* Directions
Among the lines below, keep only those from the one containing "2026 Audi SQ5" through the one containing "1500w Wind Cooling", and reproduce them exactly.

═════ Information provided ═════

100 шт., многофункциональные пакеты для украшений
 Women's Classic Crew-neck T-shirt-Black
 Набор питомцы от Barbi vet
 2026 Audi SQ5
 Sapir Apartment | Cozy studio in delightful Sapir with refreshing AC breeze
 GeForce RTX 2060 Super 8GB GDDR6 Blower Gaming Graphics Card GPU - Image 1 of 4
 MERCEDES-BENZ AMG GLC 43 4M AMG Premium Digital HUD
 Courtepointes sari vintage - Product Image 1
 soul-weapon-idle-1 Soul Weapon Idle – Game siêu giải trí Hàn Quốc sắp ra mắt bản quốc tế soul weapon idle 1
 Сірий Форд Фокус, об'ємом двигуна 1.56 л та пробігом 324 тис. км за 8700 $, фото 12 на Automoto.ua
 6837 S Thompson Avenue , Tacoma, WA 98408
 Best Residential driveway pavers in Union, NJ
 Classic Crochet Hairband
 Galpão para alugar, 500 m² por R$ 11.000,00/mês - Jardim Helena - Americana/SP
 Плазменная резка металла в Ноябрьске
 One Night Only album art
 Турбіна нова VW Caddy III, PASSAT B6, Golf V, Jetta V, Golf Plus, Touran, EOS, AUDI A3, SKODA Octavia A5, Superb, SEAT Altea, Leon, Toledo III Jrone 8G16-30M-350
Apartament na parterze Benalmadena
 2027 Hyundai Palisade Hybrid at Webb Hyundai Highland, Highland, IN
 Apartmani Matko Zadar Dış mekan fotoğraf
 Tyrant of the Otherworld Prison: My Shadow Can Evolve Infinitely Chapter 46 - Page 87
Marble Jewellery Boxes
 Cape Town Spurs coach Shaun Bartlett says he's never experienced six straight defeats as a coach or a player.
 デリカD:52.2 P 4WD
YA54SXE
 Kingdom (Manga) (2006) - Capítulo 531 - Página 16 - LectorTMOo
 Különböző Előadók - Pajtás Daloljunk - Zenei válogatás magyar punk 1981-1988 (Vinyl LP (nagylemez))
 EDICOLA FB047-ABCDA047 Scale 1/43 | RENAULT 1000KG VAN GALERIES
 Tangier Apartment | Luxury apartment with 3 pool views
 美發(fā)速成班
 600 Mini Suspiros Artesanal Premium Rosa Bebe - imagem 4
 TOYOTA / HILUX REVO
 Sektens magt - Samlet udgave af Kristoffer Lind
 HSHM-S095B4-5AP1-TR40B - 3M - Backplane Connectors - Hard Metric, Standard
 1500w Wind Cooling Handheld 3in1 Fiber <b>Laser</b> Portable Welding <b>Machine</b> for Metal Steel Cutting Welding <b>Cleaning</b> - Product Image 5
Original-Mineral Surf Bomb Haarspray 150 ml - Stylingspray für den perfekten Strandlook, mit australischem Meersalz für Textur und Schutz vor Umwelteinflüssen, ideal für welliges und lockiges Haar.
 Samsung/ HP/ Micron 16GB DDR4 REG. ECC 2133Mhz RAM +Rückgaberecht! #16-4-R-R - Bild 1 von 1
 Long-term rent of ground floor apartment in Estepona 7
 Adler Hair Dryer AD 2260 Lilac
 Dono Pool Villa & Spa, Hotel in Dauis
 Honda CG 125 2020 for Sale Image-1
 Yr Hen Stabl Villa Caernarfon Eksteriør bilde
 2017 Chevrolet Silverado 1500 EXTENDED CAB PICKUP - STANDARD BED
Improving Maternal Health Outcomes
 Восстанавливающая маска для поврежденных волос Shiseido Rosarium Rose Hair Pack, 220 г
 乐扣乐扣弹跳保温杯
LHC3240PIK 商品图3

═════

* Solved problem
 2026 Audi SQ5
 Sapir Apartment | Cozy studio in delightful Sapir with refreshing AC breeze
 GeForce RTX 2060 Super 8GB GDDR6 Blower Gaming Graphics Card GPU - Image 1 of 4
 MERCEDES-BENZ AMG GLC 43 4M AMG Premium Digital HUD
 Courtepointes sari vintage - Product Image 1
 soul-weapon-idle-1 Soul Weapon Idle – Game siêu giải trí Hàn Quốc sắp ra mắt bản quốc tế soul weapon idle 1
 Сірий Форд Фокус, об'ємом двигуна 1.56 л та пробігом 324 тис. км за 8700 $, фото 12 на Automoto.ua
 6837 S Thompson Avenue , Tacoma, WA 98408
 Best Residential driveway pavers in Union, NJ
 Classic Crochet Hairband
 Galpão para alugar, 500 m² por R$ 11.000,00/mês - Jardim Helena - Americana/SP
 Плазменная резка металла в Ноябрьске
 One Night Only album art
 Турбіна нова VW Caddy III, PASSAT B6, Golf V, Jetta V, Golf Plus, Touran, EOS, AUDI A3, SKODA Octavia A5, Superb, SEAT Altea, Leon, Toledo III Jrone 8G16-30M-350
Apartament na parterze Benalmadena
 2027 Hyundai Palisade Hybrid at Webb Hyundai Highland, Highland, IN
 Apartmani Matko Zadar Dış mekan fotoğraf
 Tyrant of the Otherworld Prison: My Shadow Can Evolve Infinitely Chapter 46 - Page 87
Marble Jewellery Boxes
 Cape Town Spurs coach Shaun Bartlett says he's never experienced six straight defeats as a coach or a player.
 デリカD:52.2 P 4WD
YA54SXE
 Kingdom (Manga) (2006) - Capítulo 531 - Página 16 - LectorTMOo
 Különböző Előadók - Pajtás Daloljunk - Zenei válogatás magyar punk 1981-1988 (Vinyl LP (nagylemez))
 EDICOLA FB047-ABCDA047 Scale 1/43 | RENAULT 1000KG VAN GALERIES
 Tangier Apartment | Luxury apartment with 3 pool views
 美發(fā)速成班
 600 Mini Suspiros Artesanal Premium Rosa Bebe - imagem 4
 TOYOTA / HILUX REVO
 Sektens magt - Samlet udgave af Kristoffer Lind
 HSHM-S095B4-5AP1-TR40B - 3M - Backplane Connectors - Hard Metric, Standard
 1500w Wind Cooling Handheld 3in1 Fiber <b>Laser</b> Portable Welding <b>Machine</b> for Metal Steel Cutting Welding <b>Cleaning</b> - Product Image 5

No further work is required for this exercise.